Sin embargo, la gota que derrama el vaso para Alana es descubrir que su ídolo, el concejal Joel Wachs, el único personaje al que sus propias decisiones la han llevado y no las de Gary, aquel al que ella admira como un individuo íntegro y que lucha por sus ideales, no es quien parece ser. Una noche Wachs –quien ya había establecido contacto un tanto coqueto– llama a Alana para invitarle un trago. Al llegar al restaurante, Wachs no está solo. En una escena magistral, donde el encuadre y la composición nos permiten ver a Alana únicamente reflejada en el espejo, su expresión revelando lentamente su desilusión al descubrir que ella no había sido invitada a una cita romántica, sino requerida para encubrir el auténtico romance del concejal con Matthew, el joven compartiendo la mesa.

Como Curt en American Graffiti, Alana se da cuenta de algo y toma una decisión que ha estado postergando. ¿De qué se da cuenta? Es una de esas epifanías que pierden mucho al verbalizarse, pero que en esencia es el darse cuenta de que el mundo de los adultos al que tanto había querido acceder es falso. Los adultos están tanto o más perdidos que ella. Los distingue no la madurez ganada con la experiencia, sino una variedad de camuflajes y defensas: amargura, cinismo, crueldad, tristeza, soledad. Su decisión es correr hacia Gary. Y Gary, cada vez más independiente pero más insatisfecho, corre hacia ella.

Ya los hemos visto correr antes. De hecho, casi siempre que van a pie van corriendo y cuando no corren en la misma dirección, corren uno hacia el otro. Primero cuando Gary es arrestado y Alana corre a rescatarlo. Y luego cuando Alana se cae de la motocicleta de Jack Holden, Gary corre a rescatarla. Ahora corren en busca del otro para rescatarse mutuamente de un mundo que simplemente es más interesante que inhóspito cuando corren juntos.

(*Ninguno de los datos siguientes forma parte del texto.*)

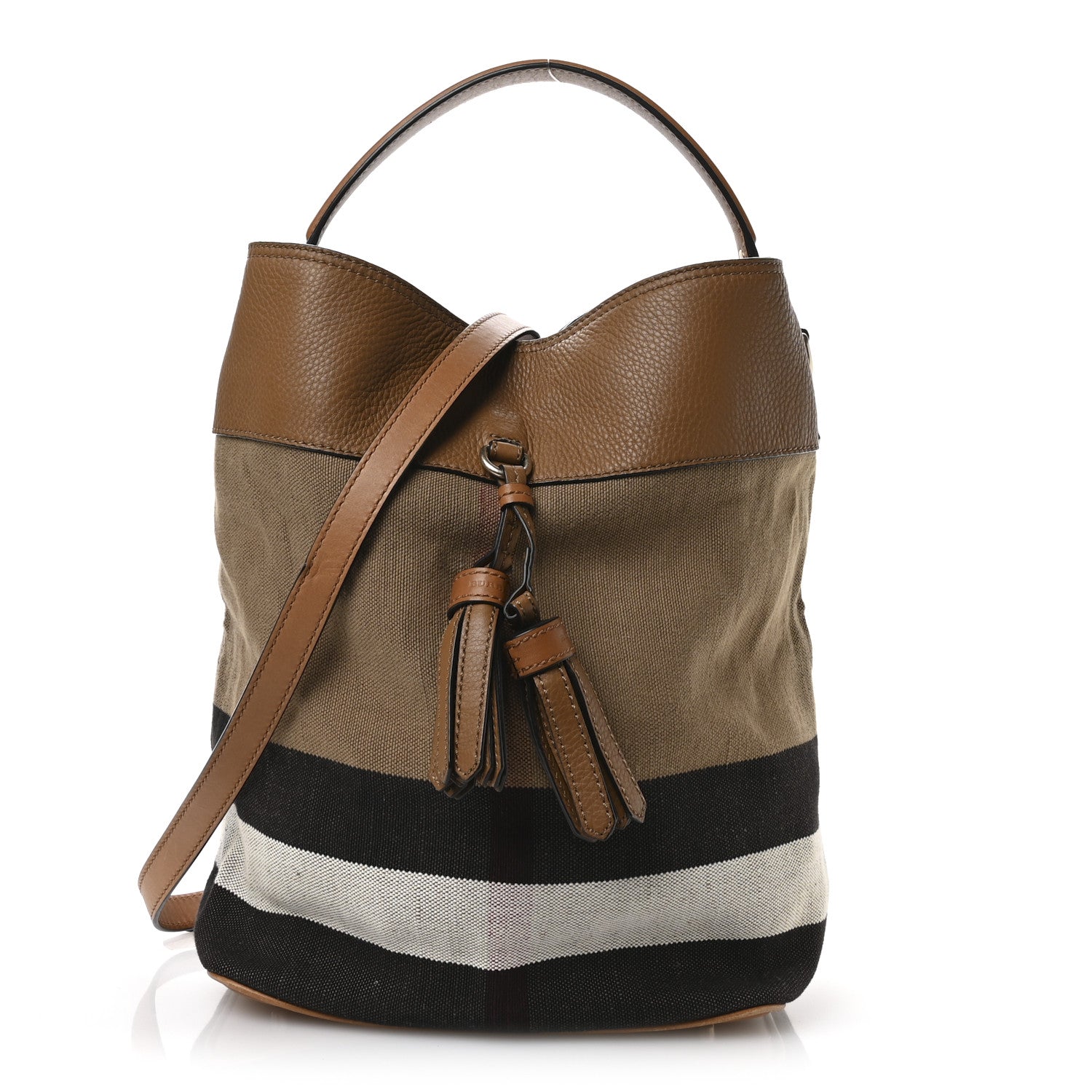 Burberry Grainy Calfskin Canvas Mega Check Medium Ashby Tassel Hobo Saddle Brown 1 of 14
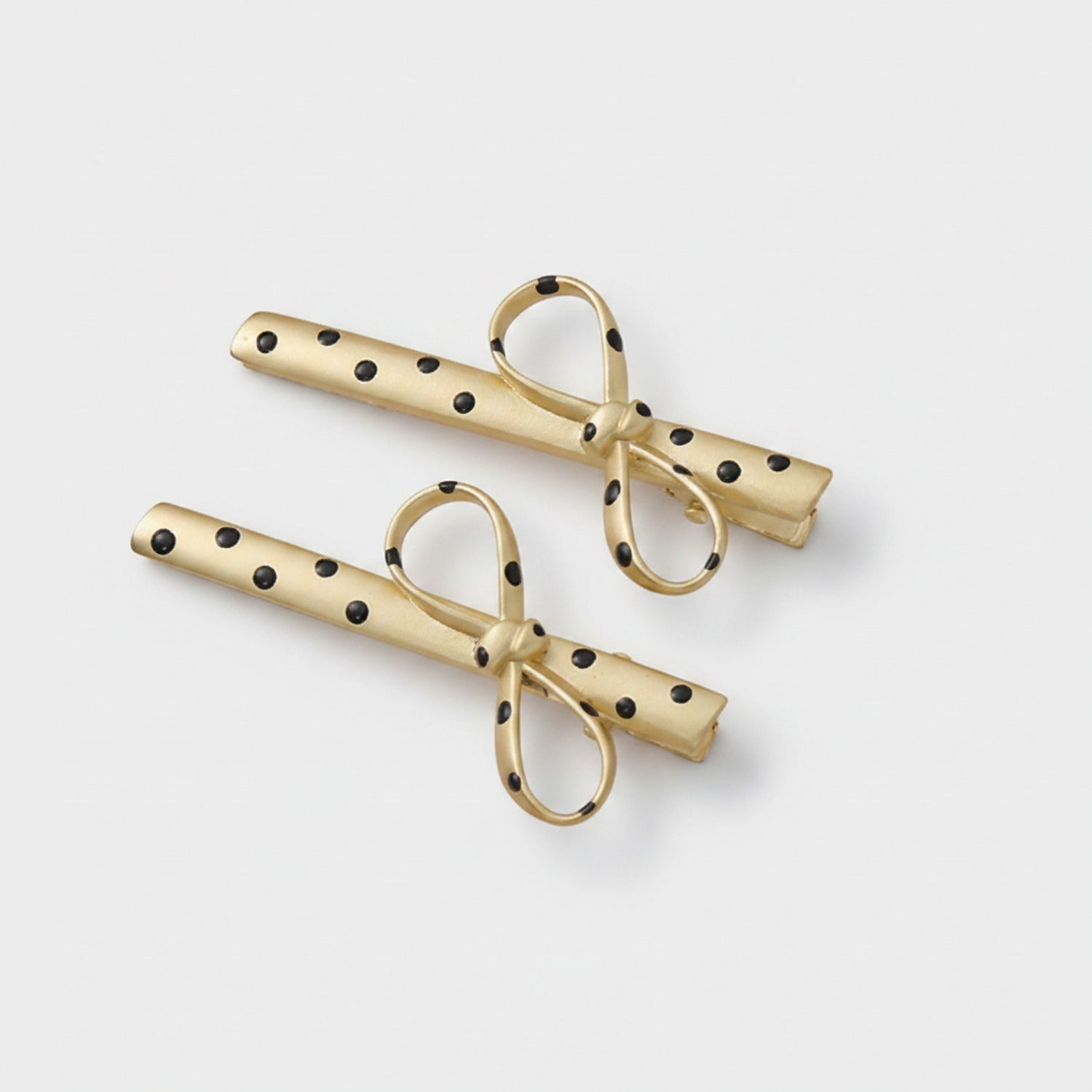 Gold Polka Dot Hair Clips With Bow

A pesar de su ligereza, Licorice Pizza no ha estado libre de controversia. Por obvias razones: Gary, a pesar de actuar como adulto, es un menor de edad y Alana, a pesar de estar tan desorientada como una niña, es una adulta. La elección es audaz. Hay quien ha llamado a la película “problemática” o de plano una “glorificación de la pedofilia” con la misma bilis con que otros catalogaron a Phantom Thread de “propaganda de la masculinidad tóxica”. Estas reacciones provienen de una lectura limitada de la película. Hay un tipo de audiencia que se siente incómoda con la ambigüedad y que necesita que la obra lo tranquilice diciéndole cómo debe sentirse, cómo debe ver y evaluar a estos personajes. Hay cine excelente hecho con esa intención didáctica, pero ello no quiere decir que esa labor virtuosa sea la única a la que el cine debe aspirar. El cine (y el arte en general) es precisamente un lugar ideal para explorar claroscuros, adentrarse en las zonas liminales, en la irresoluble complejidad de la vida humana sin juzgarla. Paul Thomas Anderson siempre lo ha hecho. Está la ya citada relación en Phantom Thread, pero también la relación paternal de Sidney y John en Hard Eight que a pesar de su sangriento origen es de una ternura genuina, similar a la de Dodd y Freddie en The Master, o a los primeros años de cuidado de H. W. por parte de Daniel Plainview en There Will Be Blood. Está el amor cuasi maternal con que Amber Waves guía a Dirk Diggler en el mundo de la pornografía en Boogie Nights y está el erotismo con que Barry y Elena de Punch-Drunk Love se susurran en la cama cosas como: “miro tu cara y quiero machacarla con un marro” o “quiero sacarte los ojos y masticarlos”. Ante todo, Paul Thomas Anderson está interesado en el tipo de verdad que solo se captura cuando se atrapa un cacho de vida y se le mira atentamente, con sus contradicciones, sus sombras y sus luces y se dejan los análisis y consignas para otros. Claro que Alana y Gary son una pareja imperfecta, pero así son ellos y así es su vida en ese momento y así es su experiencia.

En Licorice Pizza la experiencia es la de la urgencia. Esa urgencia que es todavía la urgencia llena de posibilidades de la juventud temprana y no la urgencia angustiante de la juventud tardía. La prisa por comerle bocados a una vida que se antoja inagotable, por amar y ser amado y por descubrir de qué se trata. La sinceridad con que muestra esa sensación es la mejor cualidad de la película. Es la sinceridad de los frenos o las espinillas o el primer amor, es decir, la sinceridad de lo que no puede ocultarse.